Neither the C standard nor IEEE-754 specify anything about floating-point operations in non-standard modes like DAZ or FZ. (Nor do they require that support for signaling NaNs be implemented). The behavior of -0.0 suffices to block the optimization under strict fp modes, however.

mturmon · on March 12, 2012

I think you might have missed something in the OP.

I got the impression that the "+ 0.1" was enough to raise the value of the floating point number being operated on, so that it was not denormalized.

So, the "+ 0.1" version was faster because the numbers it generated were not denormalized. It had nothing to do with the special properties of 0 versus 0.1f (a float).

Neither of the two explanations on the SO post made any assumption about the "theoretical optimizing compiler" that you mention, right?

malingo · on March 11, 2012

This is a good opportunity for me to re-read http://docs.oracle.com/cd/E19957-01/806-3568/ncg_goldberg.ht...

sharkbot · on March 12, 2012

Interesting discussion. Definitely something for the Lua programmers to keep in mind, as the default number implementation type is a C double. I did a quick test on my ancient MacBook, and the translation of the C++ code into Lua showed a slowdown for the denormalized case, although not as dramatic as the original problem (note: I changed the iteration count from 9,000,000 to 900,000 because the original count took way too long).

watmough · on March 11, 2012

Wow, I wonder how many mysterious performance problems can be traced to things like this?

krst · on March 13, 2012

A lot fewer than you'd like to think.

yread · on March 11, 2012

Yes, floating point is scary. I always try to stick with integers/fixed points if at all possible. Especially, if there is a loop with addition. That can eat 1 bit of precision per iteration if you're unlucky

pyre · on March 11, 2012

I'm curious why no one has a good answer for the comments questioning why the compiler doesn't optimize out the +0/-0 instead of converting it to a floating-point, which triggers this issue.

jedbrown · on March 11, 2012

The conversion is optimized out by gcc-4.6 at all positive optimization levels, the addition is optimized at -O2 and above. But the slowness is caused by the algorithms being different, with one producing denormals while the other stays reasonable.

chrisaycock · on March 11, 2012

@Mystical answers in the comment section:

Now that I look at the assembly, not even + 0.0f gets optimized out.
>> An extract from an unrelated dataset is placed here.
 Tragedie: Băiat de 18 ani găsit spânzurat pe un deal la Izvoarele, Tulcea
If I had to guess, it could be that + 0.0f would have side-effects if y[i] happened to be a signalling NaN or something.

onedognight · on March 11, 2012

Consider this:

  x += 0.0;

If x = -0.0 (yes, zero has a sign) then adding 0.0 gives 0.0, so it can have an effect and optimizing it away is wrong and generally only allowed with -ffast-math.

jimmybot · on March 11, 2012

What's an example of 0 having a sign being useful?
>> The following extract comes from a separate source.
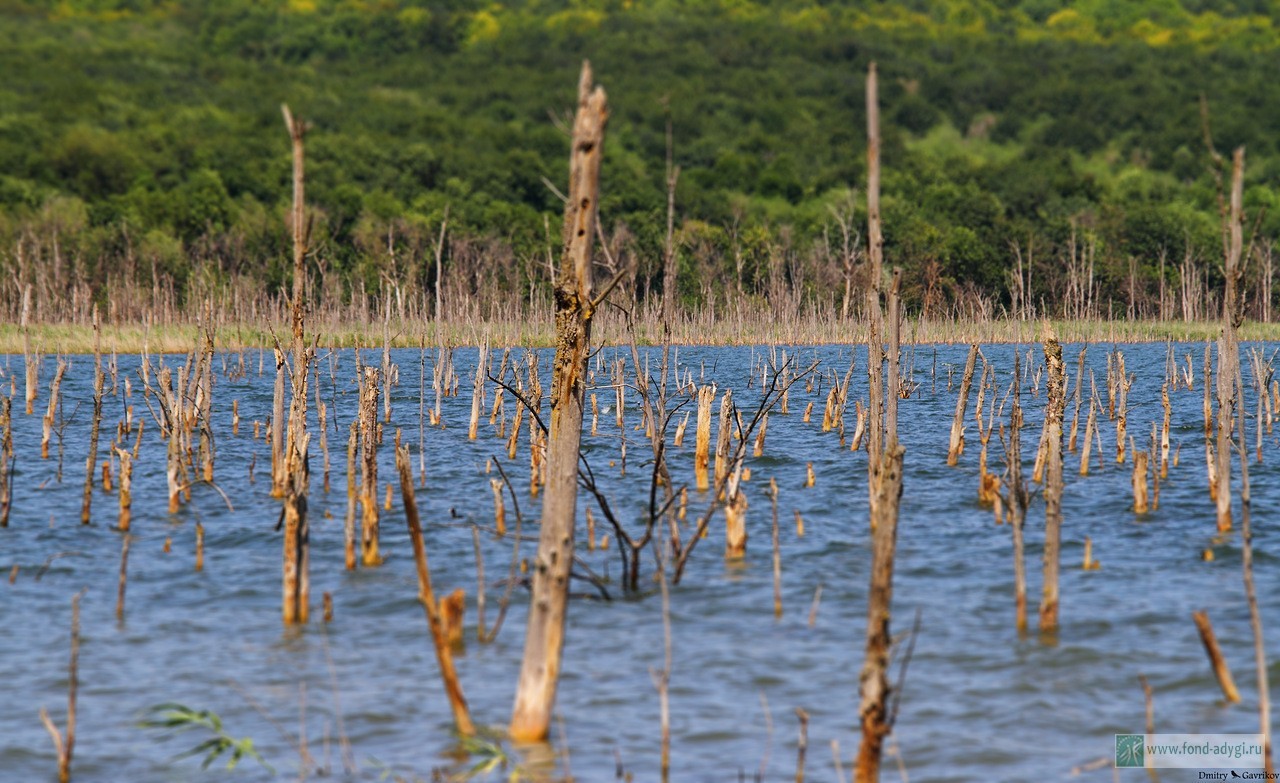 Грязевое озеро тамбукан. Тамбукан отзывы. Грязелечение тамбукан. Озеро тамбукан кбр. Озеро тамбукан пятигорск.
stephencanon · on March 11, 2012

If you're seriously interested, read Kahan's "Branch Cuts for Complex Elementary Functions (or: Much Ado About Nothing's Sign Bit)".

TLDR: there are some classes of problems for which the sign bit of zero preserves enough important information to get an accurate solution to a problem that would not be possible if you only had an unsigned zero. These happen to turn up in certain types of conformal mappings that are useful for solving certain PDEs.

lelf · on March 11, 2012

1/(0-0) = -∞, 1/(0+0) = ∞

stephencanon · on March 11, 2012

Actually, (0-0) evaluates to +0 in the default rounding mode, so both of those expressions will typically return +∞.

1/-0 will give you -∞, of course.

lelf · on March 12, 2012

Well, I meant it as in math notation, not in C.

(Strictly speaking, 1/0 in C is kaboom! (undefined behaviour))

FigBug · on March 11, 2012

It's not the +0/-0 that causes the issue, it's the repeated dividing.